At the café, there are familiar faces: her father, Zod, Naneh Goli, a woman the family took in decades ago, the faithful employees. This is the family Noor re-enters.

Told by an omnisicent third person narrator, the book is really about Zod, the dying man who has seen so much, too much, as revolution swept the country, killed his wife, stole his customers, quieted his music.

It is through Zod that we learn why Noor and her brother, Mehrdad were sent to America so long ago. After their mother, Pari is kidnapped, tortured and killed by the regime, Zod fears his children will not live to grow up. Like so many of his generation, Zod saw escape as the only hope for the survival.

He sends them to his younger brother, Morad, a bitter, angry and very successful Iranian living in California. Noor and Mehrdad feel nothing from him but an urge to be rid of them, but his nurturing wife, Farah, who never had children, treats them as precious gift.

Noor and her brother finish college. She becomes a nurse, then meets Nelson,  and falls in love. She shows love through food, as her father did before her, but Nelson is hard to resist, for other women, and when he strays, Noor ends the marriage and flees back to the café, with its walled courtyard and graceful trees, to the smell and sights of home.

Bijan describes the cafe best with this line: “The world changed around Café Leila, but the life that had gone on there since the 1930s continued. Where once there were merchants to their left and right, there now stood mostly uninhabited buildings gazing vacantly at one another.”

It is an oasis for many.

Here, miserable Lily hides in her room, afraid of the foreign people and sounds and smells that surround her. Zod tries, gently, carefully, to tame her wild anger and fold her into this world.

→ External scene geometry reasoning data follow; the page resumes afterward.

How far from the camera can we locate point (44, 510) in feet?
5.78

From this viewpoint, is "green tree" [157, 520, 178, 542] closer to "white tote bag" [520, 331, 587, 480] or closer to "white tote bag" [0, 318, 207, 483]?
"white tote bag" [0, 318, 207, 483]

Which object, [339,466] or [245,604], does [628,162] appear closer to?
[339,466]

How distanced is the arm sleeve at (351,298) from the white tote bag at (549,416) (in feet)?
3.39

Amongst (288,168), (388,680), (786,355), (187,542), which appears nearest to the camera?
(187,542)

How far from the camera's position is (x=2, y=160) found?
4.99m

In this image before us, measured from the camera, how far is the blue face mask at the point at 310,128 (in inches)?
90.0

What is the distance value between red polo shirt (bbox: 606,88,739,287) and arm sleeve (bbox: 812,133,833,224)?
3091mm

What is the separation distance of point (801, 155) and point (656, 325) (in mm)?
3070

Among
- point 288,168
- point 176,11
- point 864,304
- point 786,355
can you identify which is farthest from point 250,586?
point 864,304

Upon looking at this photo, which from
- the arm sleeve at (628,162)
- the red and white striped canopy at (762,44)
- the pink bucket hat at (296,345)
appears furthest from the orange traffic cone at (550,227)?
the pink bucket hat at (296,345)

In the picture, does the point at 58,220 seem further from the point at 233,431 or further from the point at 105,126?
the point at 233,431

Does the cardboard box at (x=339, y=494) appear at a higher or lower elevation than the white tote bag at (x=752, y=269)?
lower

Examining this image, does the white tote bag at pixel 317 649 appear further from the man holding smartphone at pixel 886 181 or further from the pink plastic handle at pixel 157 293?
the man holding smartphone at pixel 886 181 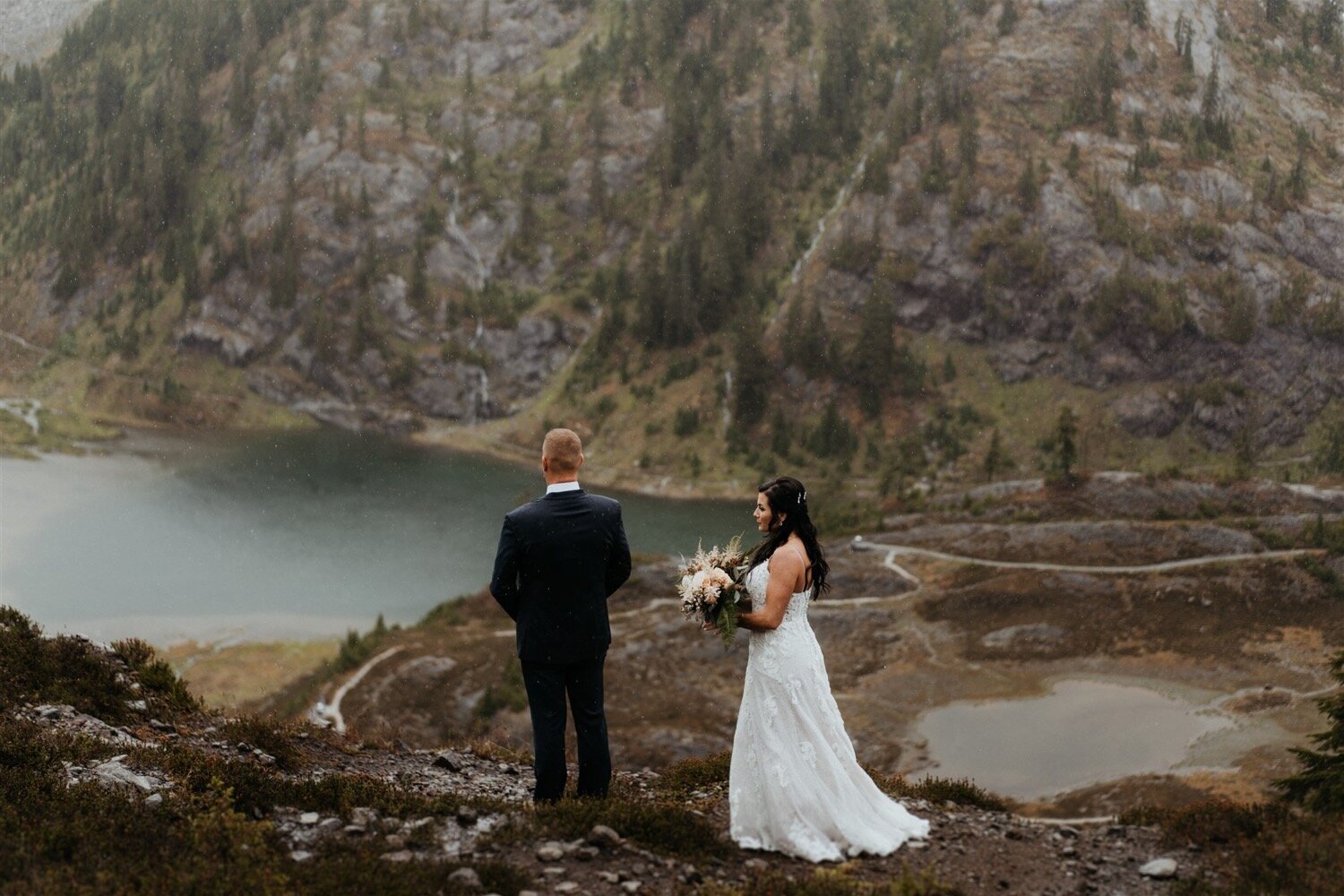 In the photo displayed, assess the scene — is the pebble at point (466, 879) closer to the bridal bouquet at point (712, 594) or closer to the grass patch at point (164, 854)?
the grass patch at point (164, 854)

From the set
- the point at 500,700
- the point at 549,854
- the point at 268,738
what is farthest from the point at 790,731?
the point at 500,700

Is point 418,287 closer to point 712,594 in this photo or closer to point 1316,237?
point 1316,237

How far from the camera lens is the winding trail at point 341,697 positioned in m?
43.8

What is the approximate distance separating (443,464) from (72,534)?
42.0m

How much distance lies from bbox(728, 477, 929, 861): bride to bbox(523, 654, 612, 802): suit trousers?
1.48 m

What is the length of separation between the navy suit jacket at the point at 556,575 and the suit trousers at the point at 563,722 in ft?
0.70

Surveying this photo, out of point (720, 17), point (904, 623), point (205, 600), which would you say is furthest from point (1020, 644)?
point (720, 17)

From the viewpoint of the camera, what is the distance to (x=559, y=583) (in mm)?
10703

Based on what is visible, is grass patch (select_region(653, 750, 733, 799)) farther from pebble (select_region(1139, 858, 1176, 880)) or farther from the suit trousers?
pebble (select_region(1139, 858, 1176, 880))

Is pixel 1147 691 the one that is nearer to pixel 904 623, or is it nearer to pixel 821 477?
pixel 904 623

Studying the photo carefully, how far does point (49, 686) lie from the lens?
15.1 m

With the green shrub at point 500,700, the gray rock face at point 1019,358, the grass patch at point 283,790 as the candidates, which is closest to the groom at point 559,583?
the grass patch at point 283,790

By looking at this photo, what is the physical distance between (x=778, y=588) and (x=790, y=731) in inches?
60.3

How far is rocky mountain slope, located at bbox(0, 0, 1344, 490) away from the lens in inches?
4345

The descriptions of the Persian food Zod, Naneh and the rest of the staff prepare are mouthwatering, sounding exotic and luxurious. Love is contained in a special recipe, a unique spice, the sound of boiling or frying.

Yet, the food is not the story. It is one of the enhancements to a tale of lost people finding each other again, to a nation wracked by war, extremism and hate yet full of people just trying to live the life they once knew — one of cooperation, friendship and celebration.

Lily, who has befriended young Karim in a way that would not be acceptable to the  public there, learns how harsh the regime can be in a violent incident that changes her, perhaps forever. It certainly changes Noor. It shifts her focus, but she’s still looking to someone else for happiness.

One is left with the question of whether Noor is right — can she start over with someone who needs her more? Can she keep the café alive? Can something as simple as love survive in Iran?

Bijan leaves that question mark solidly in place, with echoes sounding from the café walls.